DIRECTIONS FOR THIS TASK: Exactly reproduce the lines of the listing below from the one containing "Body Festive Merry" through the one containing "and green accents.". Skip the images.

PROVIDED INFORMATION:
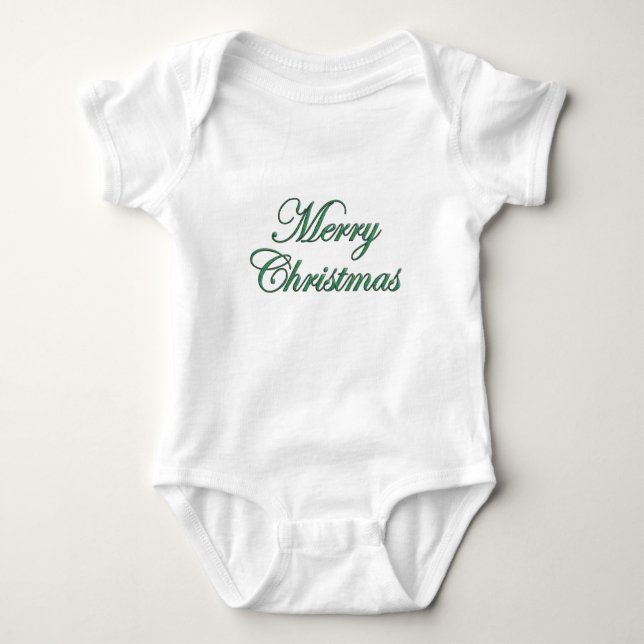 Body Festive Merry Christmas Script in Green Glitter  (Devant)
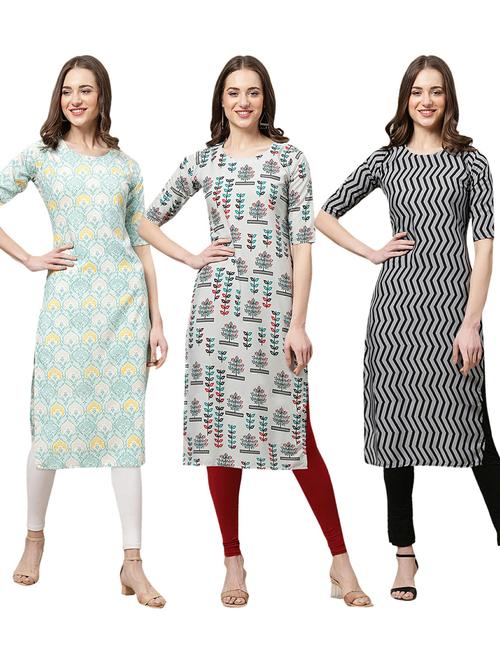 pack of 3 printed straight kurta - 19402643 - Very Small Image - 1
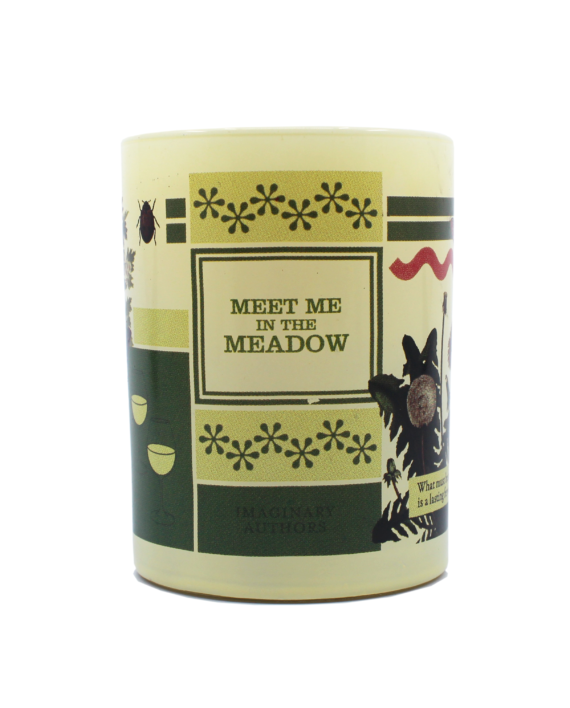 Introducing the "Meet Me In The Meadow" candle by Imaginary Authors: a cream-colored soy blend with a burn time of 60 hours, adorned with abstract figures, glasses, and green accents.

--

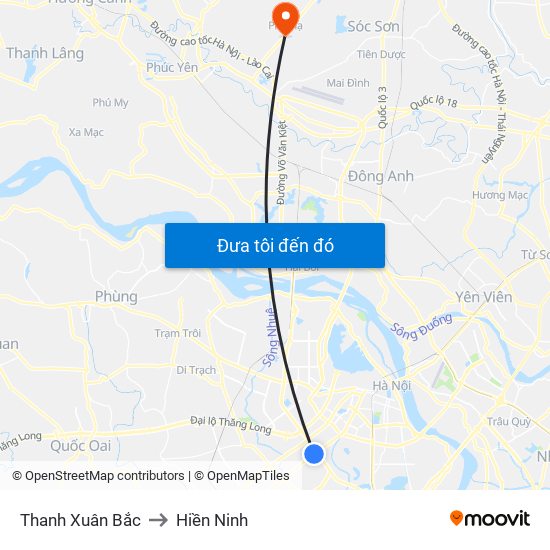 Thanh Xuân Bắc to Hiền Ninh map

--

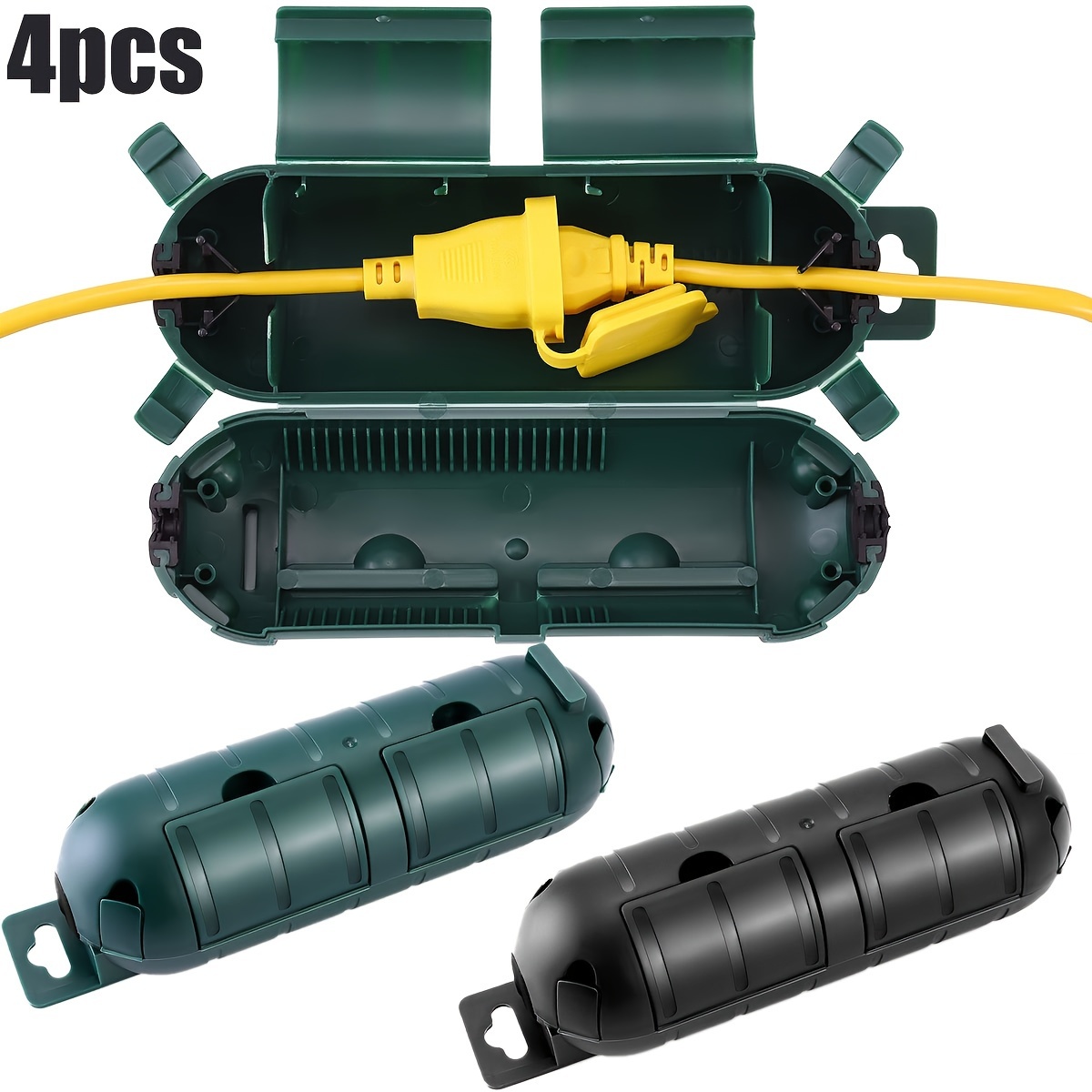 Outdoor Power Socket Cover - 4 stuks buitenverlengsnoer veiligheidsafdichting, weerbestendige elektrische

TASK RESULT:
 Body Festive Merry Christmas Script in Green Glitter  (Devant)
 pack of 3 printed straight kurta - 19402643 - Very Small Image - 1
 Introducing the "Meet Me In The Meadow" candle by Imaginary Authors: a cream-colored soy blend with a burn time of 60 hours, adorned with abstract figures, glasses, and green accents.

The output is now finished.